Dismiss Notice
Join Physics Forums Today!
The friendliest, high quality science and math community on the planet! Everyone who loves science is here!

Fastest way to file diff

  1. Apr 8, 2008 #1
    I am making a Makefile generator and for that, I need something like:

    There is a list of files. When the generator is run, I need to know that which files out of those have changed since the last time the generator was run so as to not to include these files in the compiling list. I was thinking first a filesize check and if they match, a checksum. Would that do?

    Since the program i'll be making would be Windows-native, so I can use anything from the Win32 API, something that would allow me to check the last file modified date??

    Since the list of files could be HUGE.. i need to know the fastest way to do this. Any help is appreciated.

  2. jcsd
  3. Apr 8, 2008 #2
    1- the generator reads the last time it was run (from a "special file")
    2- for each file in the list, the generator checks the last modified date
    3- at the end of the whole process, the generator should "touch" the "special file" in order to store the new timestamp
  4. Apr 8, 2008 #3
    Well.. i quite had this method figured out.. i mean that of maintaining an index and using it to store the last modified data or the md5 checksum.
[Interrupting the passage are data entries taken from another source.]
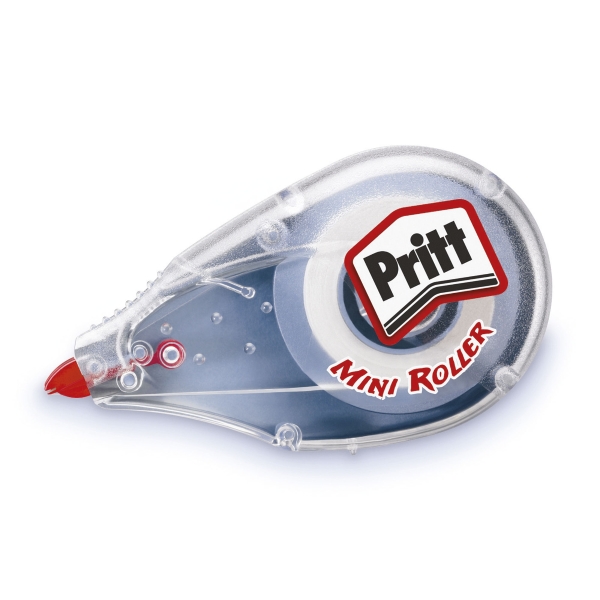 PRITT DISPO MINI CORRECTION ROLLER 4,2MM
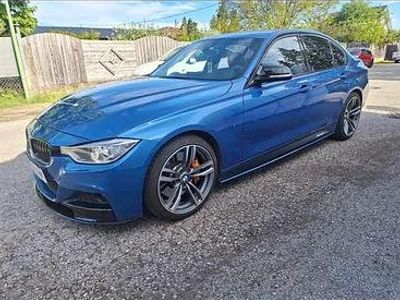 Gebraucht 2012 BMW 318 Limousine | € 19.999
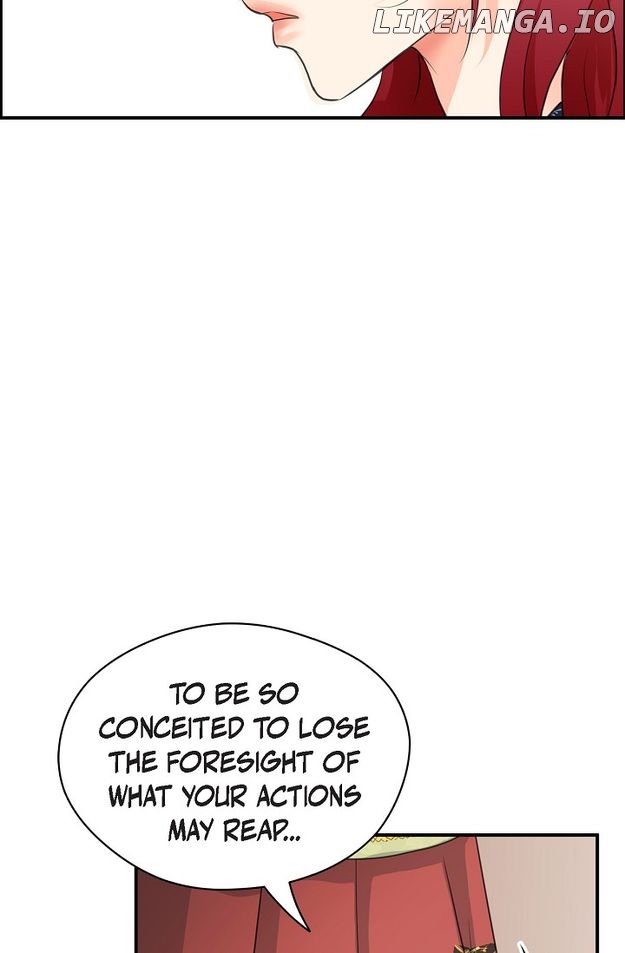 Sarasah – Manga Chapter 149 - page 8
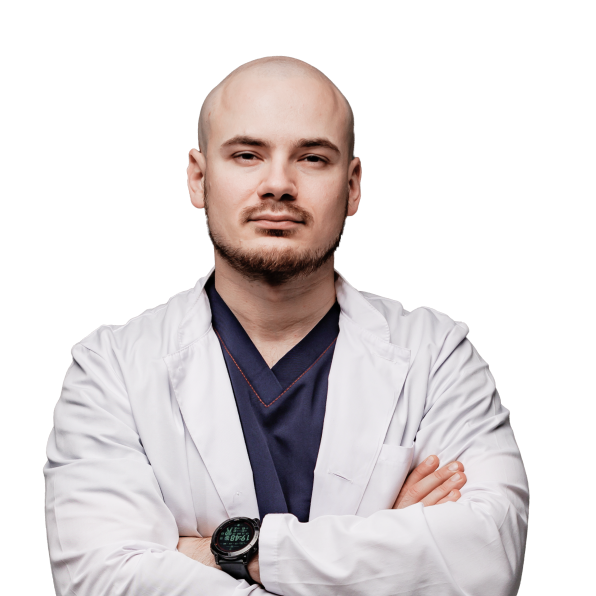 doctor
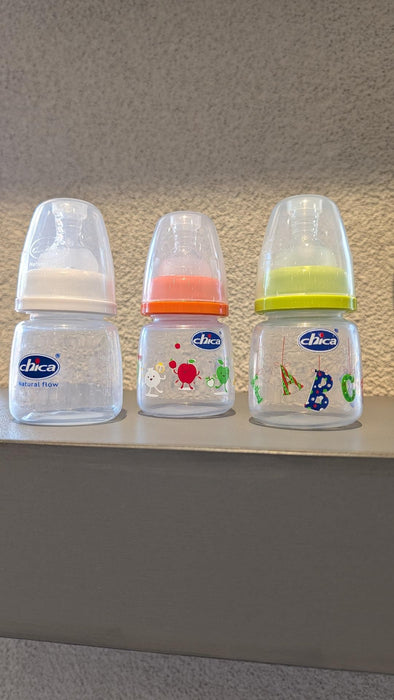 Chica Starter Bottle 60mls
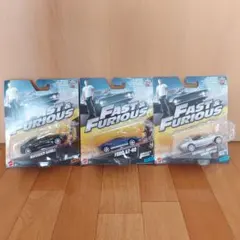 2026年最新】ワイルドスピード ミニカー 1/55の人気アイテム - メルカリ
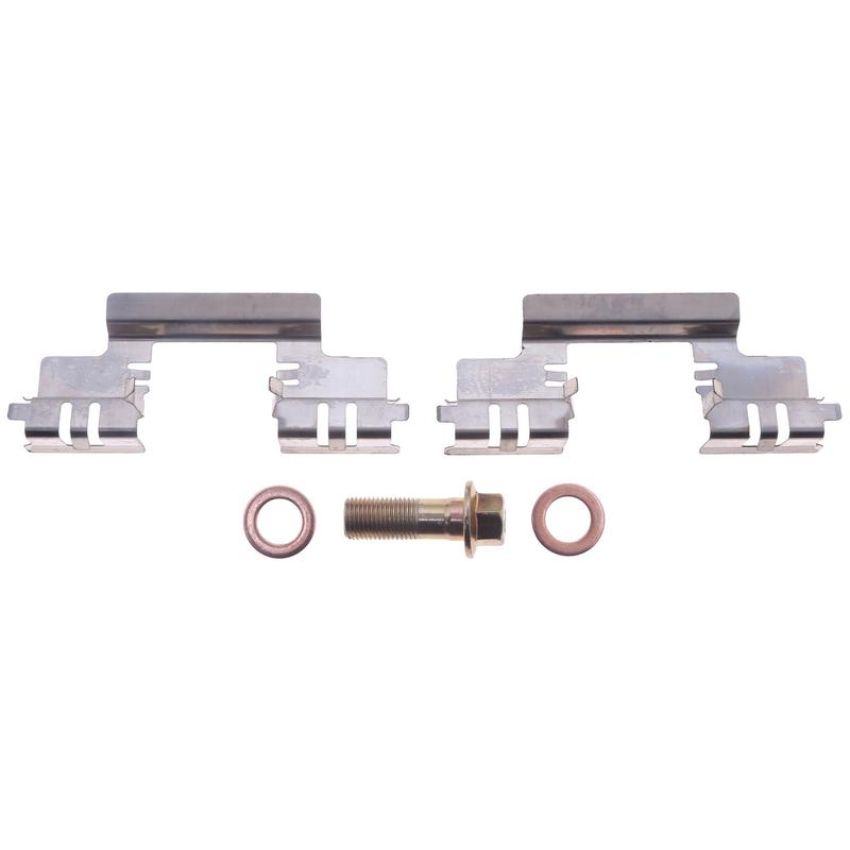 CENTRIC PARTS 142.66530 Posi Quiet Loaded Caliper
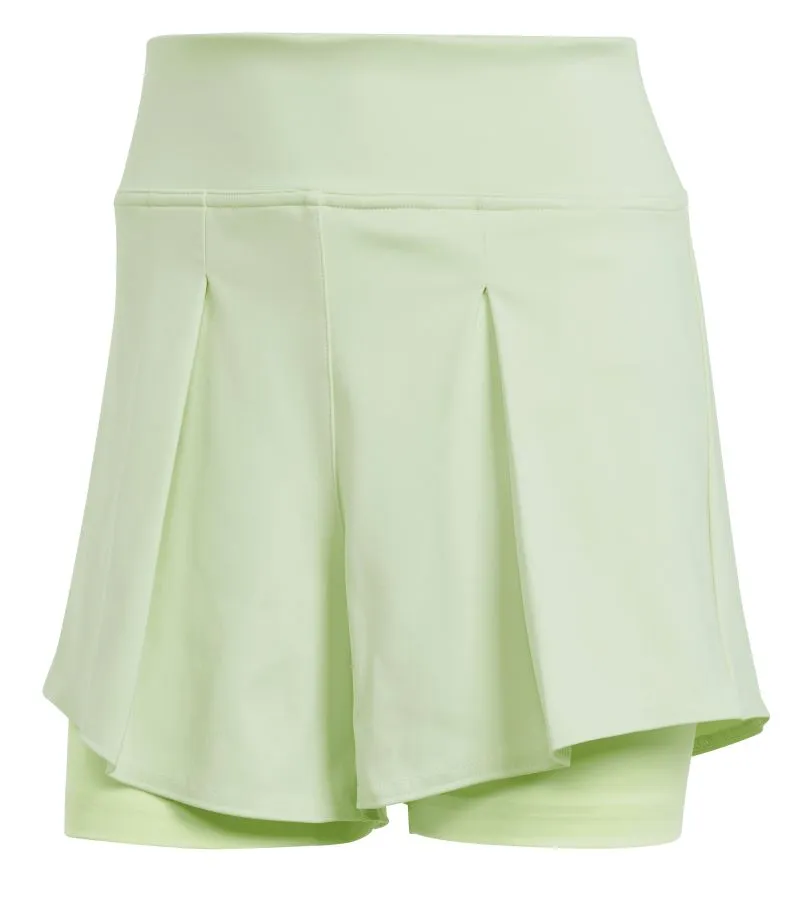 Adidas Match Short - green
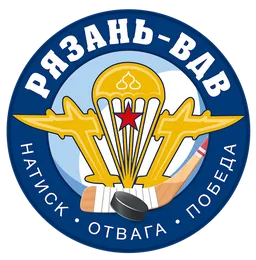 Рязань - ВДВ 2013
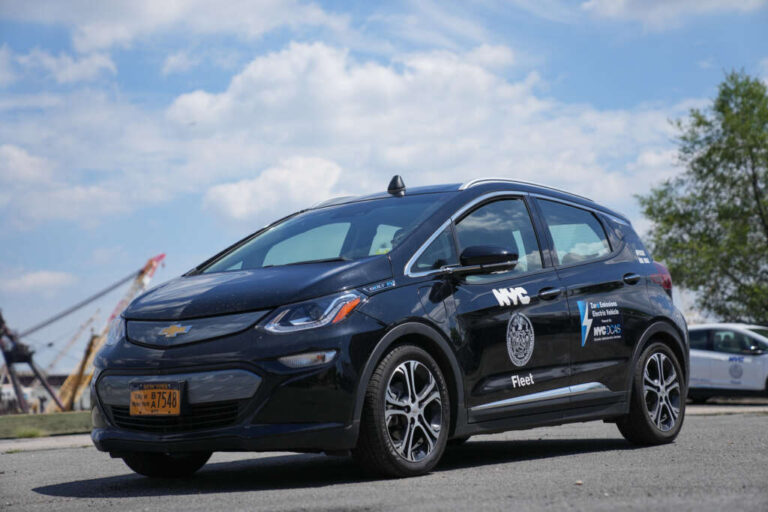 Budget Cuts Could Make it Harder for NYC Govt to Reduce Its Carbon Footprint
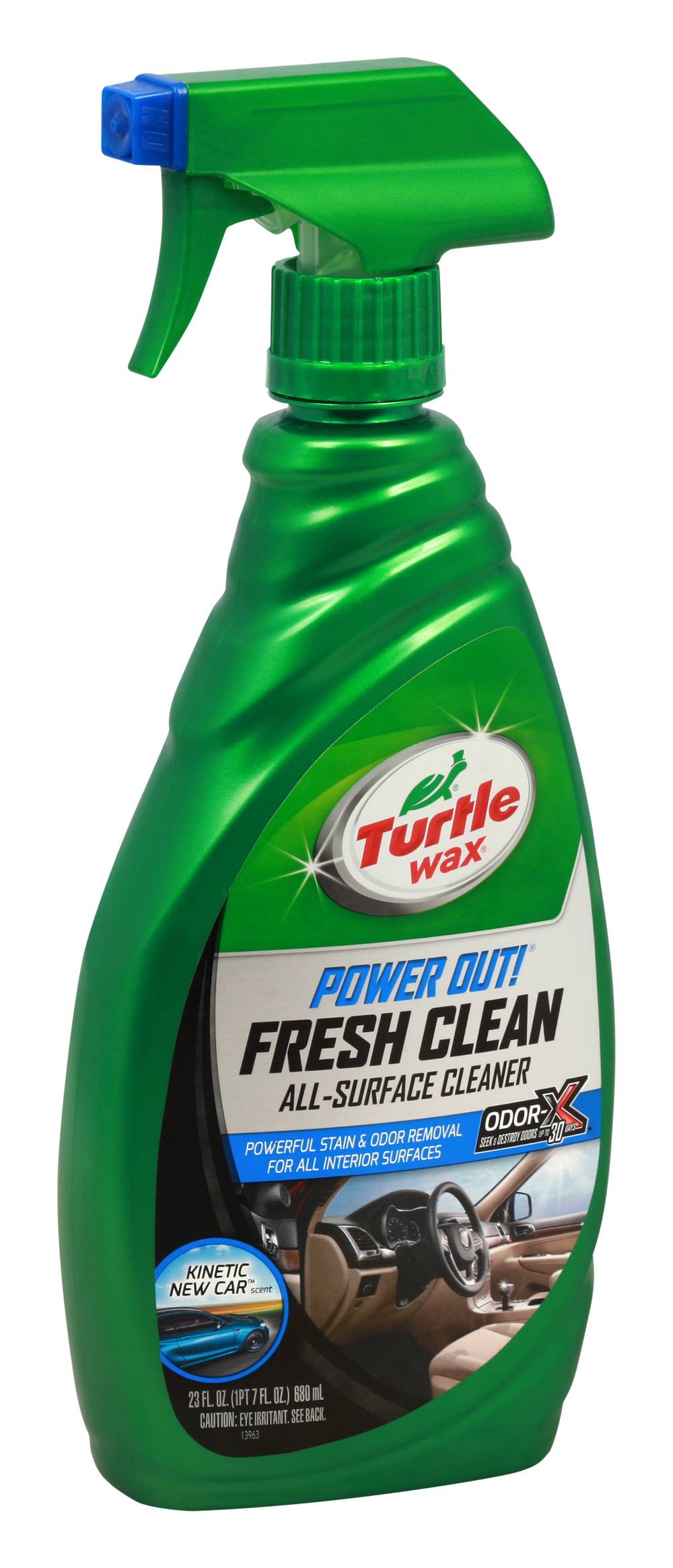 Turtle Wax Fresh Clean Surface Cleaner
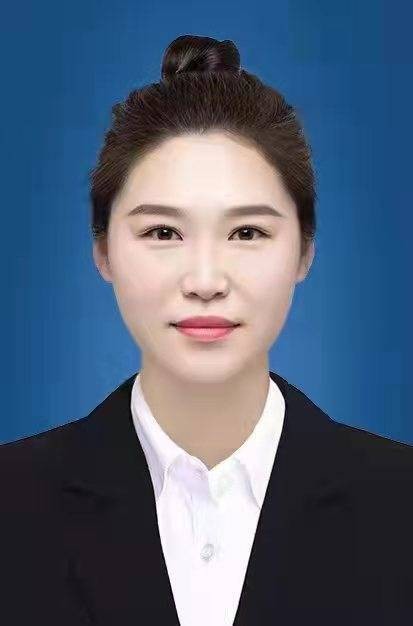 王丽美（滦平新硕农业发展有限公司总经理）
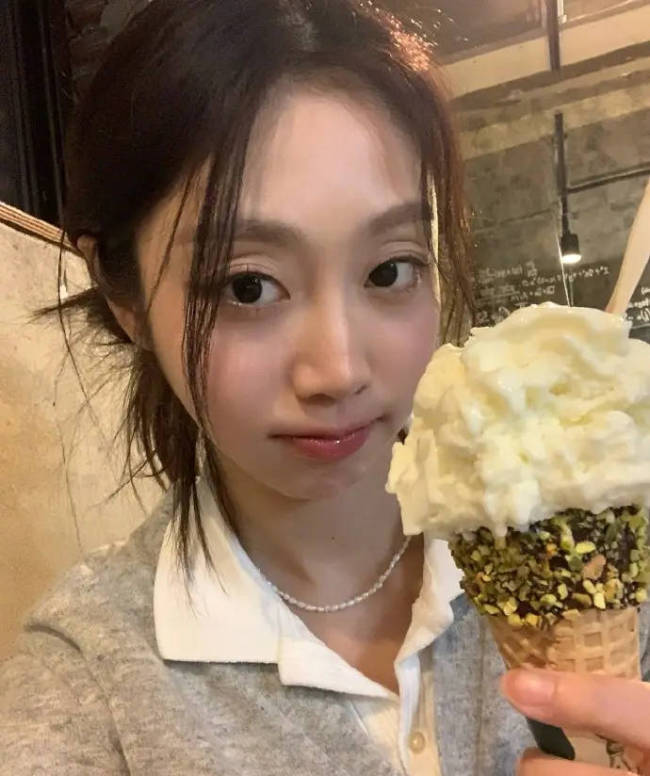 韩国女团成员谈偷偷恋爱经历: 凌晨三四点出门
    but what i needed to know was how to get the last modified date for a file? Also, if I don't use date but purely filesize and checksum, will it be fine? [I mean collision wise as well as speed wise]
  5. Apr 9, 2008 #4
    In the win32 API I think the function you are looking for is GetFileTime()

    You can go on checksum alone if you want to, but it means more work. Also, there is no need to check the filesize if you have a checksum.

    The easiest approach is checking the timestamps though. And there is no need to save the time stamps in an index-file, just compare the "modified" time of the source files against the "created" time of the binary.

  6. Apr 9, 2008 #5
    thanks for that. i'll look on MSDN for that

    Actually.. the plan was since a filesize check is much faster than a checksum, i'll first do a filesize check. If filesizes don't match, then for sure i need to add the file to the modified list. But in case they do match, I'll do a checksum.

    also, using a filesize check with checksums can reduce the checksum collision rate a bit...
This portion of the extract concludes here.